(TASK ITEM) Word for word, copy the line containing "Android, Windows, and" and every line after it in the records below, leaving pictures out.
*** DATA ***
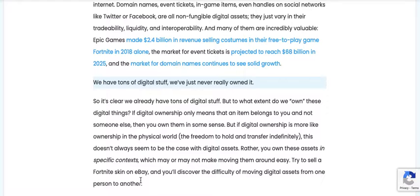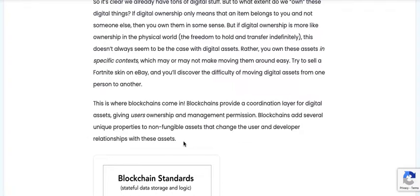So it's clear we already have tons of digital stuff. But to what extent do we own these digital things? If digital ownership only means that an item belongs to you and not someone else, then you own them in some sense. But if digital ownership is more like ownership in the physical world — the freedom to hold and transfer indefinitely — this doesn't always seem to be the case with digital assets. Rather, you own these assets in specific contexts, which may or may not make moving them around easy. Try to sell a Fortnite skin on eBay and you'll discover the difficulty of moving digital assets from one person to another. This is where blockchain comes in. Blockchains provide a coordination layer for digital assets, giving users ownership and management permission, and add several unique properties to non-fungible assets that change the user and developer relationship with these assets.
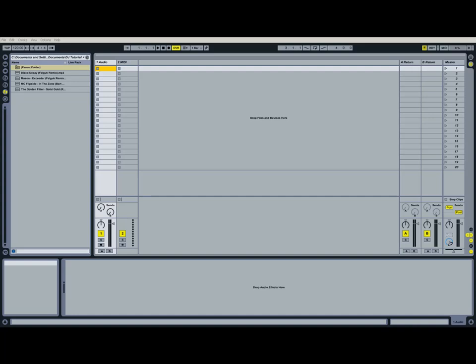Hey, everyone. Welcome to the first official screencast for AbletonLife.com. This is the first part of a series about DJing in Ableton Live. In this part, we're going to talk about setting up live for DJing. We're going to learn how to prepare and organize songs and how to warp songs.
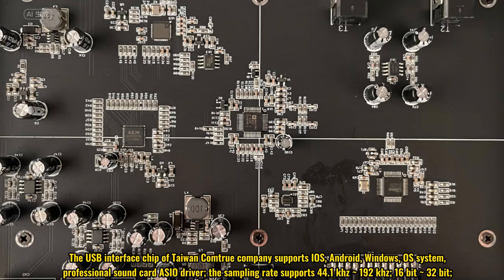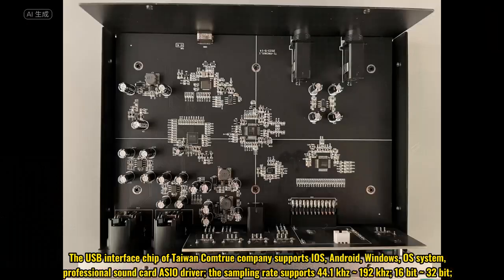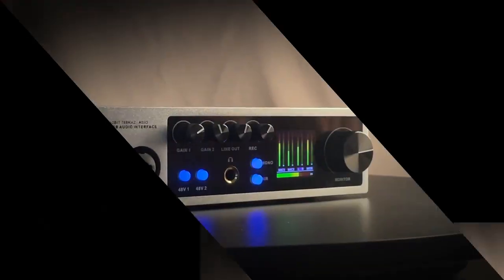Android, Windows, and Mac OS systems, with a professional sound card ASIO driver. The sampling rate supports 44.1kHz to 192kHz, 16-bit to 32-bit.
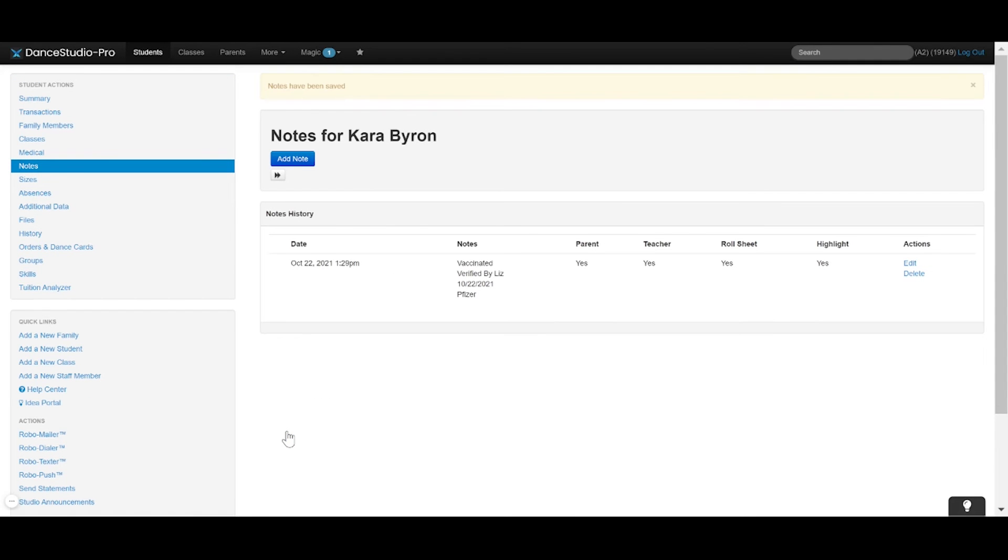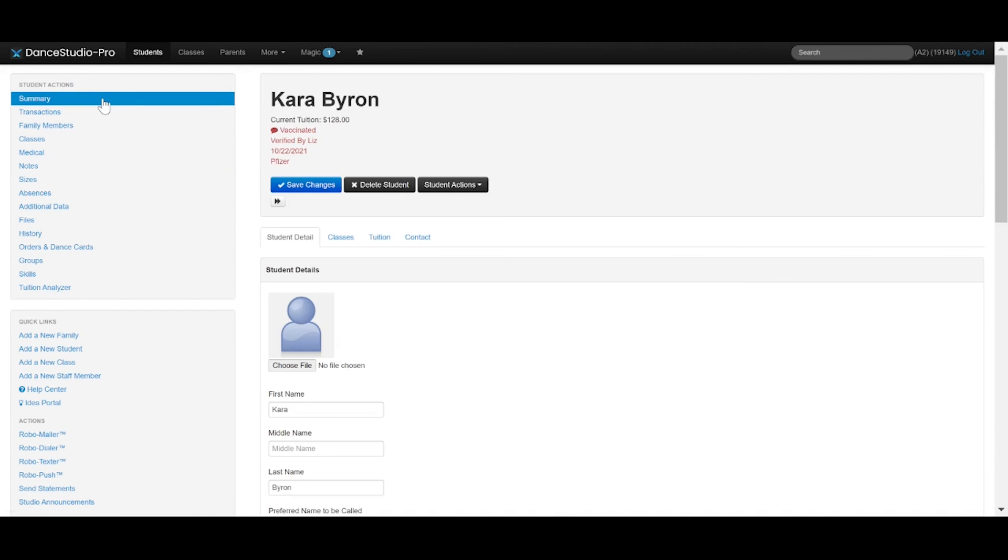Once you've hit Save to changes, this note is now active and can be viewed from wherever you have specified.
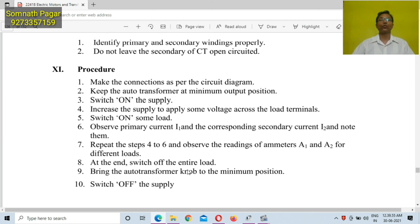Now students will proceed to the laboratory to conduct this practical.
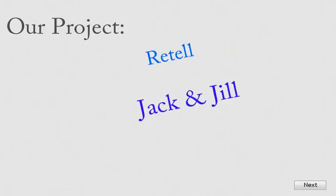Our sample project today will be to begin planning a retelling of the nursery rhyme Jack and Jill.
*** End of DATA ***
(RESPONSE)
Android, Windows, and Mac OS systems, with a professional sound card ASIO driver. The sampling rate supports 44.1kHz to 192kHz, 16-bit to 32-bit.
Once you've hit Save to changes, this note is now active and can be viewed from wherever you have specified.
Now students will proceed to the laboratory to conduct this practical.
Our sample project today will be to begin planning a retelling of the nursery rhyme Jack and Jill.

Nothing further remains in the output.